Finally, under amendments 49 to 51, local authorities that do not adopt the new provisions on regulating lap-dancing clubs must consult local people. That, too, is a welcome step forward, but will the Minister suggest how that consultation will take place? In Chesterfield, for example, we have nine community forums covering the town. Would a consultation through a community forum be enough to meet the requirements in the amendments? Having chaired one of those forums years ago, before I became a Member of Parliament, I know well that only a small number of people tend to turn up-the same dedicated group-apart from when there is a controversial issue, whether planning or, in this case, lap dancing. On such occasions, a larger group tends to turn up that is perhaps unrepresentative of the community at large. Exactly what level of consultation would have to take place to meet the requirements in amendments 49 to 51?
I shall discuss amendments 16 to 20, 22, 23, 60 and 63, which deal with lap dancing.
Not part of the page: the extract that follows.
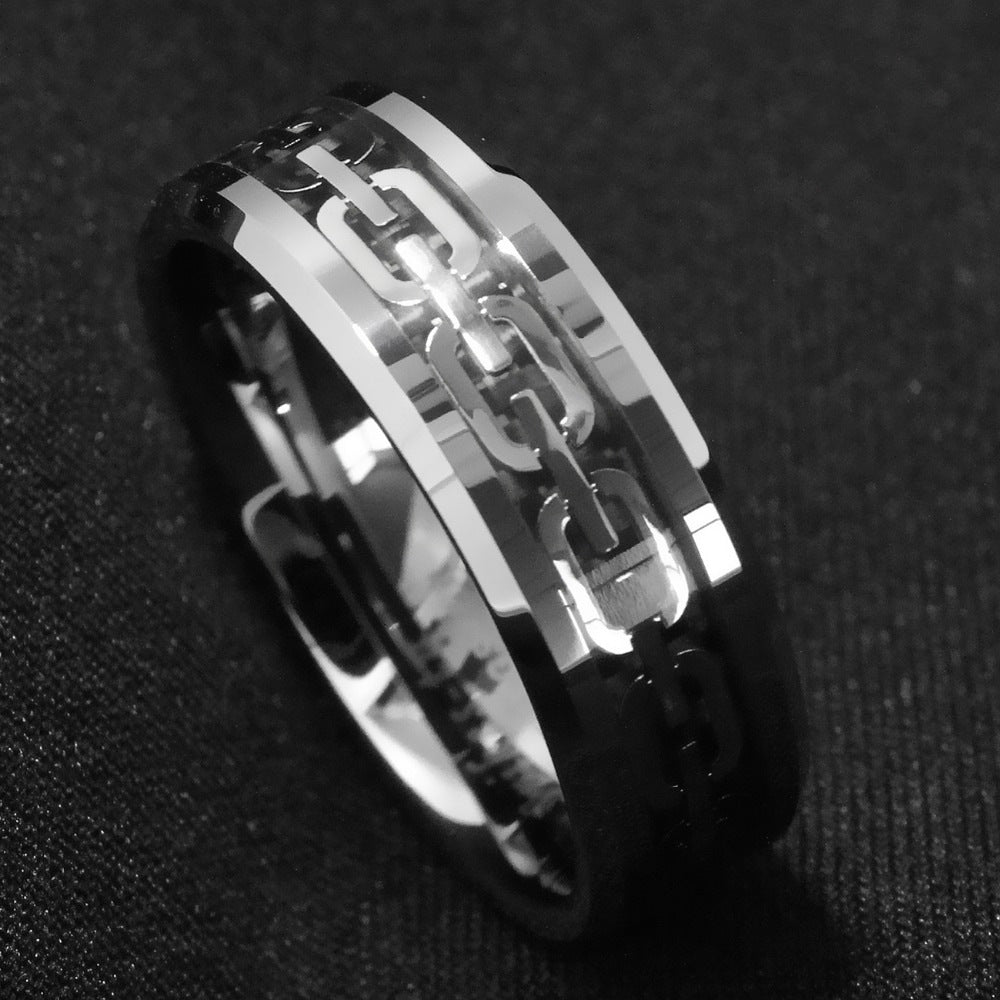 Mens Stainless Steel Geometric Cutout Chain Ring Durable Fashion Accessory Unique Design For Him Modern Design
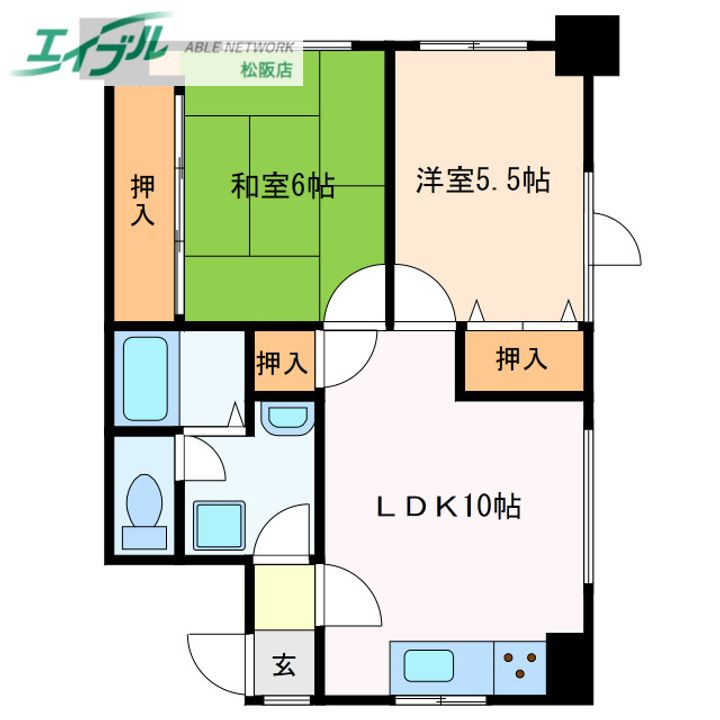 中央マンション松阪の間取り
Generally, the legislation on this area is welcomed as an important change to lap-dancing licensing. We all know that it is the result of an 18-month campaign led by organisations such as Object and the Fawcett Society, parliamentarians on both sides of the House, equality organisations and residents associations, all of whom were concerned about the unchecked expansion of lap dancing and its impact on women and local communities in general. My interest in the matter was awakened by an application for a lap-dancing club in Stourbridge for a club with 50 private booths to which my constituents could not object despite living two doors away.
The legislation is important because it recognises that lap-dancing clubs are part not of the ordinary leisure industry, but of the sex industry. It is important to recognise that. As such, such establishments have serious implications and risks, not only for the women who perform in them, but for women in wider society, because they promote a sexist culture in which women are treated as sex objects and, I believe, a culture that fuels violence against women.
I am shocked that my hon. Friend says that there is a lap-dancing club in her constituency proposing to build 50 private booths. We just heard from Paul Holmes-the Lib Dems are now the party of lap-dancing supporters-but 50 private booths? What on earth does she think will happen in them? A discussion of Lib Dem policy?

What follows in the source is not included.